The stranger smiled almost tenderly. "Ah, she is so beautiful! So feminine! Ah!"

"Doctor Volospion," Miss Ming's voice was flat and cold. "I should like to go home now."

Doctor Volospion laughed.

"Nonsense, my dear Miss Ming." He bowed a fraction to the stranger, as if to apologize. "It has been an eternity since we entertained such a glorious guest. I am eager to hear his views. You know my interest in ancient religions — my collection, my menagerie, my investigations — well, here we have a genuine prophet." A deeper bow to the stranger. "A preacher who shows Li Pao up for the parsimonious hair-splitter that he is. If we are to be berated for our sins, then let it be full-bloodedly, with threats of fire and brimstone!"

"I said nothing of brimstone," said the stranger.

"Forgive me."

Miss Ming leaned from the howdah to put her lips to Doctor Volospion's ear. "You think he's genuine, then?"

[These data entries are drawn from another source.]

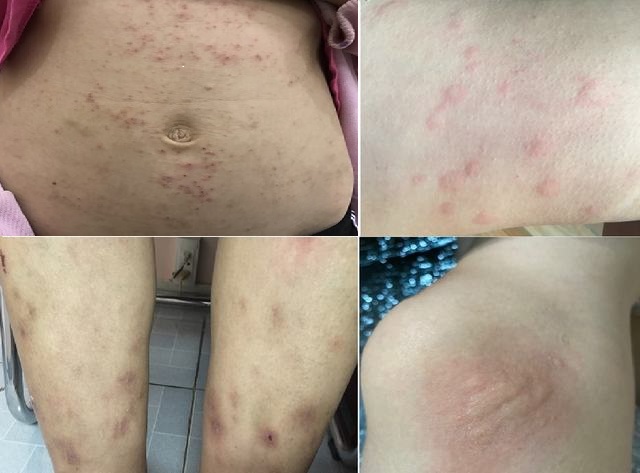 Cách trị bệnh sán chó tại nhà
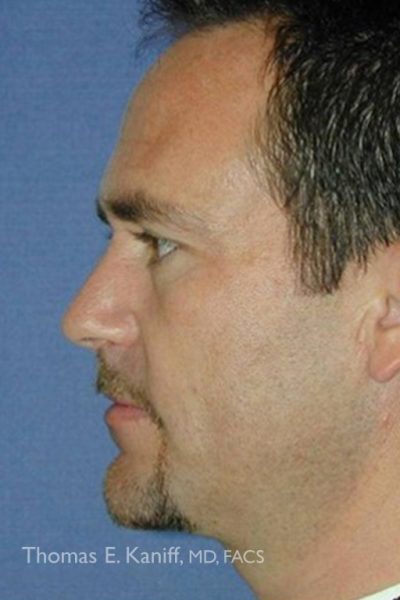 Patient side profile post-procedure neck rejuvenation showing lifted tissue and youthful contour.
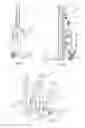 Fig. 02 - Method for the set-up and control of a lift system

He stroked his chin. "Your meaning is misty, Miss Ming."

"Oh, I give up," she said. "It's all right for everybody else, but that madman's more or less announced his firm decision to rape me at the earliest opportunity."

"Nonsense," objected Doctor Volospion. "He has been nothing but chivalrous."

"It would be like being raped by a pigeon," she added. She withdrew into herself.

Doctor Volospion's last glance in her direction was calculating but when he next addressed the stranger he was all hospitality. "Your own introduction, sir, has been perhaps a mite vague. May I be more specific in my presentation of myself and my friends. This lovely lady, whose beauty has understandably made such an impression upon you, is Miss Mavis Ming. This gentleman is Abu Thaleb, Commissar of Bengal —"

"— and Lord of All Elephants," modestly appended the commissar.

"— while I, your humble servant, am called Doctor Volospion. I think we share similar tastes, for I have long studied the religions and the faiths of the past and judge myself something of a connoisseur of Belief. You would be interested, I think, in my collection, and I would greatly value your inspection of it for, in truth, there are few fellow-spirits in this world-weary Age of ours."

The stranger's red lips formed a haughty smile. "I am no theologian, Doctor Volospion. At least, only in the sense that I am, of course, All Things…"

"Of course, of course, but —"

"And I see you for a trickster, a poseur."

"I assure you —"

"I know you for a poor ghost of a creature, seeking in bad casuistry, to give a dead mind some semblance of life. You are cold, sir, and the cruelties by means of which you attempt to warm your own blood are petty things, the products of a niggardly imagination and some small, but ill-trained, intelligence. Only the generous can be truly cruel for they know also what it is to be truly charitable."